In Deutschland genießen die Universitäten Freiheit in der Forschung – manche sind so frei, mit Militärgeld für das Militär zu forschen. Mit einem öffentlich einsehbaren Register und verpflichtenden Leitlinien will das Land Niedersachsen nun mehr Transparenz wagen und zugleich die Forschungsgemeinde für das Problem sensibilisieren.
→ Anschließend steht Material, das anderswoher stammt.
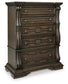 Maylee King Upholstered Bed, Dresser, Mirror, Chest and Nightstand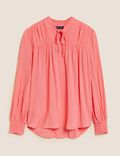 Tie Neck Frill Detail Long Sleeve Blouse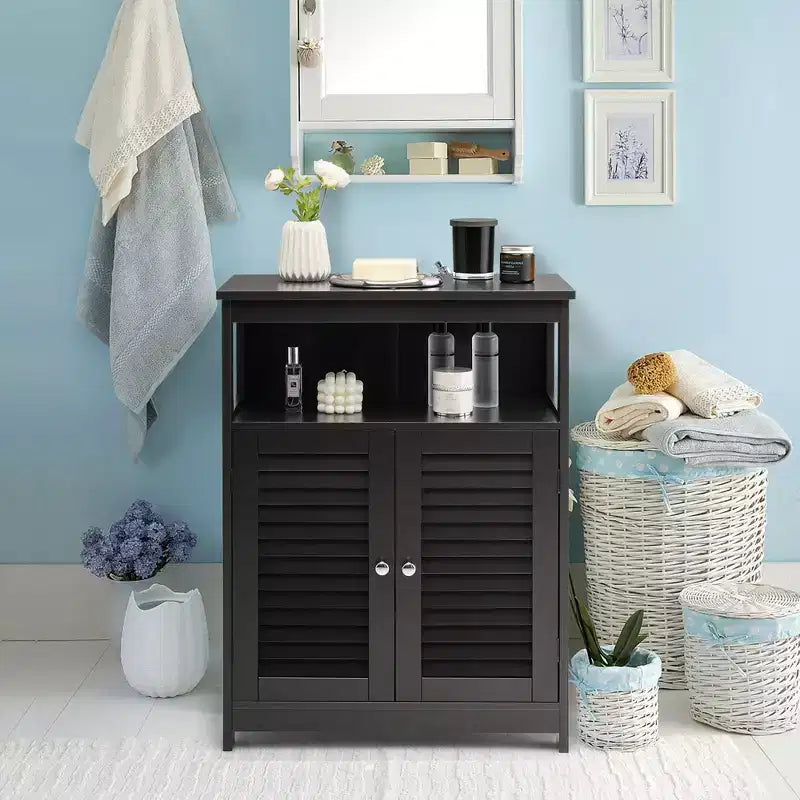 Meuble de Rangement pour Salle de Bain Costway avec Porte Double à Volets Café/Noir/Blanc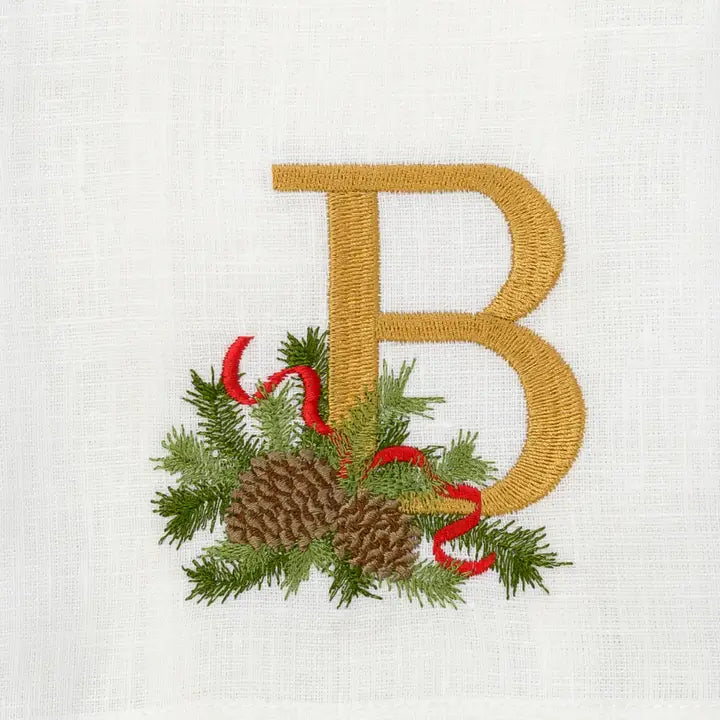 Arte Italica Initial B Winter Pine Monogram Linen Towel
Von Alexander Budde | 12.02.2015
    Gabriele Heinen-Klajić hat durchaus eine Meinung, wo sich deutscher Forschergeist zurückhalten sollte, Forschungsprojekte etwa im Auftrag des US-Verteidigungsministeriums sind ihr ein Graus. Doch Zivilklauseln und gesetzliche Auflagen, wie es sie in einigen Bundesländern gibt, sind nicht wirklich zielführend, sagt die grüne Ministerin für Wissenschaft und Kultur:
    "Ich glaube, es ist wichtiger statt eines starren Gesetzes, was viele Auslegungsmöglichkeiten hat und im Zweifelsfall immer wieder an Artikel 5 des Grundgesetzes scheitern wird, eine breite Debatte zu haben, die streitbar ist, die lebendig ist."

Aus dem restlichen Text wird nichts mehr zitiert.